** To do **
Below are the records; give again exactly the line with "Gramofon Wine - fotografie 5", the line with "screwworm fly", and each line that lies between them, and nothing besides.

Saved entries
┌──

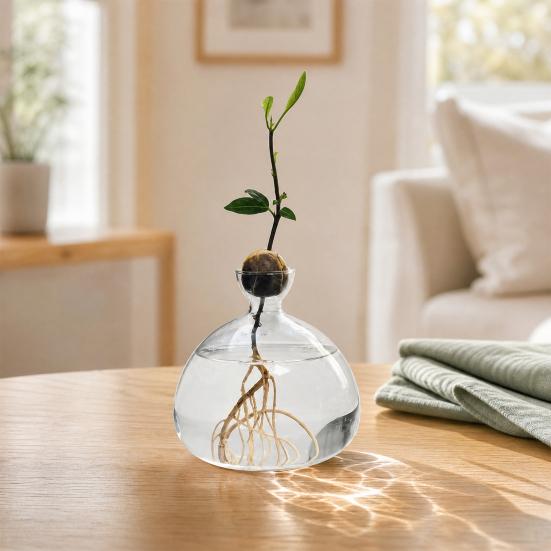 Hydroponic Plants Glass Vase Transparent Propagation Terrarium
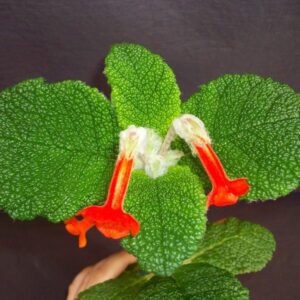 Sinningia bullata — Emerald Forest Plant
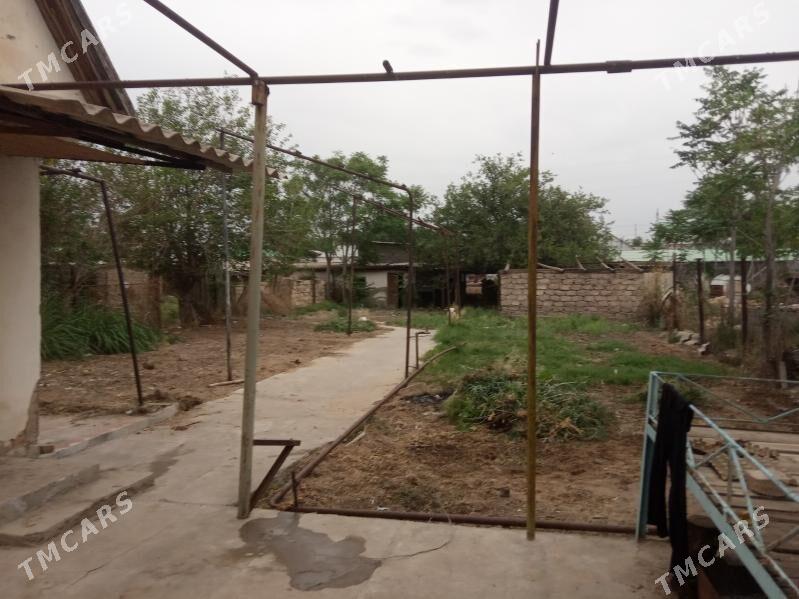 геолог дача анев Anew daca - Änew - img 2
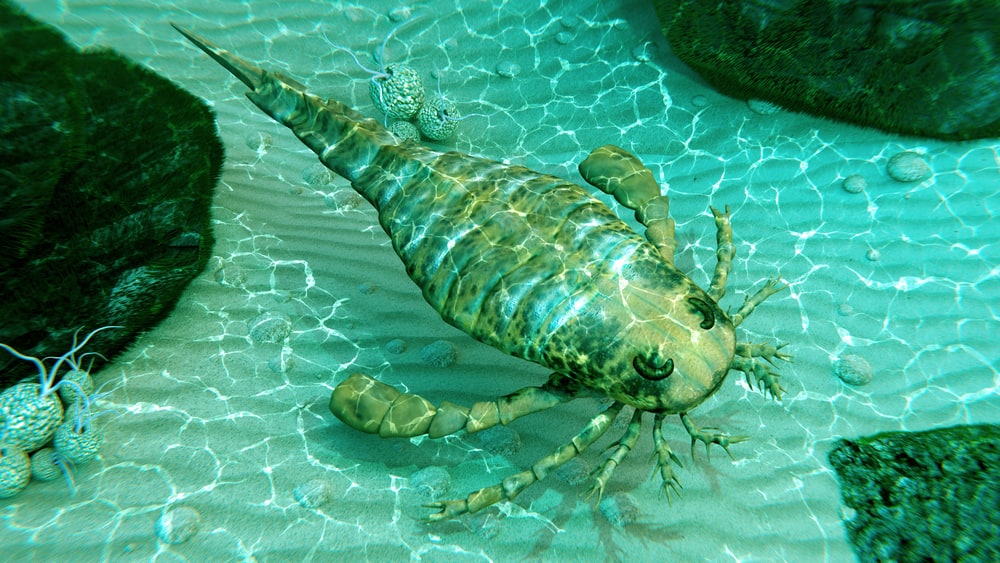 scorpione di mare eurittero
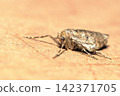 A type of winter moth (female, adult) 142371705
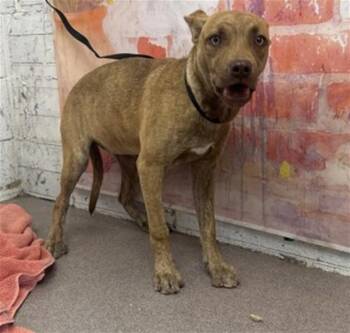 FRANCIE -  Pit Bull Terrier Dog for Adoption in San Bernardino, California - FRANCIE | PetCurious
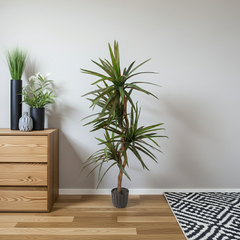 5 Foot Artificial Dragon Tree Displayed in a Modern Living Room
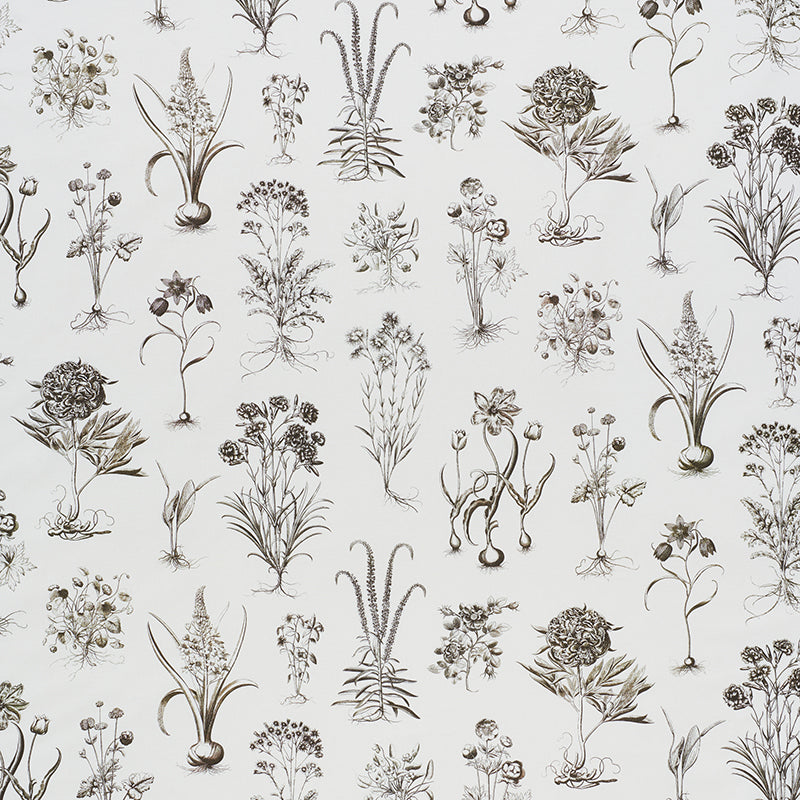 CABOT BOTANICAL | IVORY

└──
┌──

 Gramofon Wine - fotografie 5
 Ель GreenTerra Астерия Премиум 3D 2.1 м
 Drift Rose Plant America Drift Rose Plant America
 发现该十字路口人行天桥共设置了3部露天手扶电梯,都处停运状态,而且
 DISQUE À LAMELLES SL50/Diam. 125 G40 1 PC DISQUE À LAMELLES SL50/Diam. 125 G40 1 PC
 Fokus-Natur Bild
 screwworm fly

└──

** Result of the task **
 Gramofon Wine - fotografie 5
 Ель GreenTerra Астерия Премиум 3D 2.1 м
 Drift Rose Plant America Drift Rose Plant America
 发现该十字路口人行天桥共设置了3部露天手扶电梯,都处停运状态,而且
 DISQUE À LAMELLES SL50/Diam. 125 G40 1 PC DISQUE À LAMELLES SL50/Diam. 125 G40 1 PC
 Fokus-Natur Bild
 screwworm fly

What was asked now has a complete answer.